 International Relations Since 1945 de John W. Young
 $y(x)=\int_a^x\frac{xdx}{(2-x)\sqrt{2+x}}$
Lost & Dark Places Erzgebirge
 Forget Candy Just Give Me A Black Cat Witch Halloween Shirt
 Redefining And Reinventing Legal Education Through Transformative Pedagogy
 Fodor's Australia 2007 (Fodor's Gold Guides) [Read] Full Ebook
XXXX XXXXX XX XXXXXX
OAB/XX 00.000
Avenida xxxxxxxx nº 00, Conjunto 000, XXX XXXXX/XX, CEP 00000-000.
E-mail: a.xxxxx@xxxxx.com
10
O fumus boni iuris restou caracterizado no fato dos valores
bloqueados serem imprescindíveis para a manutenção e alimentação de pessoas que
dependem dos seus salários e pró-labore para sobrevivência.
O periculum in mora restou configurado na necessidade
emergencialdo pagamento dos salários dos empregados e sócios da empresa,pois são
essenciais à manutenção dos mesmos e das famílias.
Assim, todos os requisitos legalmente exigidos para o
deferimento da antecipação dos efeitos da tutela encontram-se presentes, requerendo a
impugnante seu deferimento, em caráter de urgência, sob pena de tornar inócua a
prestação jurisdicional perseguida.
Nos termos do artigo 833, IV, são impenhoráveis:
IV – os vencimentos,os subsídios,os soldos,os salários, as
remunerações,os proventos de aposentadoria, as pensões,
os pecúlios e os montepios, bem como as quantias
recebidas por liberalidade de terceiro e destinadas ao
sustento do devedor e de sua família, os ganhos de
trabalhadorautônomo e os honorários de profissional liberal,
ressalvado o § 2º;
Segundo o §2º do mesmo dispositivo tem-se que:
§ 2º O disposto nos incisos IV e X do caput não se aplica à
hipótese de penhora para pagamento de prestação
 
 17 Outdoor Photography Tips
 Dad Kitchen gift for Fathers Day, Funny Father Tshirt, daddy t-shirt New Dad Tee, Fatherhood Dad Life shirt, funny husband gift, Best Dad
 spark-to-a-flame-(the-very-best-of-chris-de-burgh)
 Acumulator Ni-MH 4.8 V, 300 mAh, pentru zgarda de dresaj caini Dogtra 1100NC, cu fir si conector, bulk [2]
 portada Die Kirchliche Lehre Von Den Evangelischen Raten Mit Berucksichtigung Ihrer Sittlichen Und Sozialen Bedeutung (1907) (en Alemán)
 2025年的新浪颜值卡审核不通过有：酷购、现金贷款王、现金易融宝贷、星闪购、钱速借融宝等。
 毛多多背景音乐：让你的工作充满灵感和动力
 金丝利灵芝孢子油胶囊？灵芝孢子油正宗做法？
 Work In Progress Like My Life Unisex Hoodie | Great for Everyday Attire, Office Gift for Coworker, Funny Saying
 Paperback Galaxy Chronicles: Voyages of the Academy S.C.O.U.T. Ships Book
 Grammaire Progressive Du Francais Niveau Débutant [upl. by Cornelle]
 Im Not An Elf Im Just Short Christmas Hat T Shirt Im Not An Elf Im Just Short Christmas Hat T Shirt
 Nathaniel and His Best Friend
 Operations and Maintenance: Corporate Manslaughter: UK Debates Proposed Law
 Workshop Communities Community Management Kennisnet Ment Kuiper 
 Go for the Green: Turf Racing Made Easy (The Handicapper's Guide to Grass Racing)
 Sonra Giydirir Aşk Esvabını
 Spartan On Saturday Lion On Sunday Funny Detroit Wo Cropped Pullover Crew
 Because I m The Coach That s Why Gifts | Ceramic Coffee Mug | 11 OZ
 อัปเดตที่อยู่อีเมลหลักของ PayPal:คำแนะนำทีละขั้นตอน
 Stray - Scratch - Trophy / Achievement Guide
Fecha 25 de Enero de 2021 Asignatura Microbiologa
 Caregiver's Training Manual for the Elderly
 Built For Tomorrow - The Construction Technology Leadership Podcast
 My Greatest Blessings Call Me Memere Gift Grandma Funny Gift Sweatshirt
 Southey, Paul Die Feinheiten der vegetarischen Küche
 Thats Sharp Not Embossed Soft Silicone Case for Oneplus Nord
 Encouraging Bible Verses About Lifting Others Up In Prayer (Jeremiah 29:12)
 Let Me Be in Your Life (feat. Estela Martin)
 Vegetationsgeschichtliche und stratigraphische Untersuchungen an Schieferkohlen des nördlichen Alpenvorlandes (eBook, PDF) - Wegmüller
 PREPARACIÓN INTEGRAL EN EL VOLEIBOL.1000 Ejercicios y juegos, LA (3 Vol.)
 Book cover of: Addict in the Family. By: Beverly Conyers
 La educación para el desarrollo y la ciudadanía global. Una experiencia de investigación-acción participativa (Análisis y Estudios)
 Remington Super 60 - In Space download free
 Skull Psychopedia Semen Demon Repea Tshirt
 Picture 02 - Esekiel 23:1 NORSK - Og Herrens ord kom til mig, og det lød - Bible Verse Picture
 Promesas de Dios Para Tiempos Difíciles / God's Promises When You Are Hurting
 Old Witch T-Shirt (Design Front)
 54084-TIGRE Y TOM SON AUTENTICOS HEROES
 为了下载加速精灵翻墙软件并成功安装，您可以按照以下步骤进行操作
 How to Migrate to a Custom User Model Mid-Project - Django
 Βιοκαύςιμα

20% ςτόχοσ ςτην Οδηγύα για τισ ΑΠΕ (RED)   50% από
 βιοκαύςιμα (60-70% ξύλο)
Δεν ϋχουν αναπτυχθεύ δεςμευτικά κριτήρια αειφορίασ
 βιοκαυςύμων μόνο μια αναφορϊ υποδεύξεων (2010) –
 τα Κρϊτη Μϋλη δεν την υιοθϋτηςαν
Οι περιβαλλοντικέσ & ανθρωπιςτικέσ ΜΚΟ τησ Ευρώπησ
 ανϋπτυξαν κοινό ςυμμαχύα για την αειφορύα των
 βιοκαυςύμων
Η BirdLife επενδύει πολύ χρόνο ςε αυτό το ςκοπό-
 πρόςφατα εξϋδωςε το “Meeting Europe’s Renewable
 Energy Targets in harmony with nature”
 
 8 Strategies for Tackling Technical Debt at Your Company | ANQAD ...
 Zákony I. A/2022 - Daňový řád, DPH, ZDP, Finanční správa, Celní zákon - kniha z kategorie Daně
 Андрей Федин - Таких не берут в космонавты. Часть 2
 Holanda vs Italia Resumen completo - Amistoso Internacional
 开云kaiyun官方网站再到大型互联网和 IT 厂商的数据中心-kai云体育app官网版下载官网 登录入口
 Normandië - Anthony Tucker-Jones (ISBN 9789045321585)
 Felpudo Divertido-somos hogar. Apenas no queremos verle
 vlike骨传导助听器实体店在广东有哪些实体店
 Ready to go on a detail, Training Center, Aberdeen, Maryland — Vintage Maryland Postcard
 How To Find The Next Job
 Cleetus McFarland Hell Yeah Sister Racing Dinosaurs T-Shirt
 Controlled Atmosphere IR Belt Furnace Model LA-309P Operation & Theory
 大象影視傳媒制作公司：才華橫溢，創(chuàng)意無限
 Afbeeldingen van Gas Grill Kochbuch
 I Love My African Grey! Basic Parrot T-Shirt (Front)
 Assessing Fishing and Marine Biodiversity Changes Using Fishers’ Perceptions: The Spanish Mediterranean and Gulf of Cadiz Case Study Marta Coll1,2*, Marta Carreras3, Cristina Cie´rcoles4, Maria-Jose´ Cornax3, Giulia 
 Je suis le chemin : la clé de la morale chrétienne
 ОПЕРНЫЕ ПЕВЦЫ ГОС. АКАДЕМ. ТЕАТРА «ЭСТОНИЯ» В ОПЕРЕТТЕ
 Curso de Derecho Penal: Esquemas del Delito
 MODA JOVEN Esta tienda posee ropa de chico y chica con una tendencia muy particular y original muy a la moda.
---*---
--- Activity ---
What you return must be an exact retyping of the lines above starting at the line with "Encouraging Bible Verses" and ending at the line with "Book cover of: Addict", and nothing besides.

--- Solution to this task ---
 Encouraging Bible Verses About Lifting Others Up In Prayer (Jeremiah 29:12)
 Let Me Be in Your Life (feat. Estela Martin)
 Vegetationsgeschichtliche und stratigraphische Untersuchungen an Schieferkohlen des nördlichen Alpenvorlandes (eBook, PDF) - Wegmüller
 PREPARACIÓN INTEGRAL EN EL VOLEIBOL.1000 Ejercicios y juegos, LA (3 Vol.)
 Book cover of: Addict in the Family. By: Beverly Conyers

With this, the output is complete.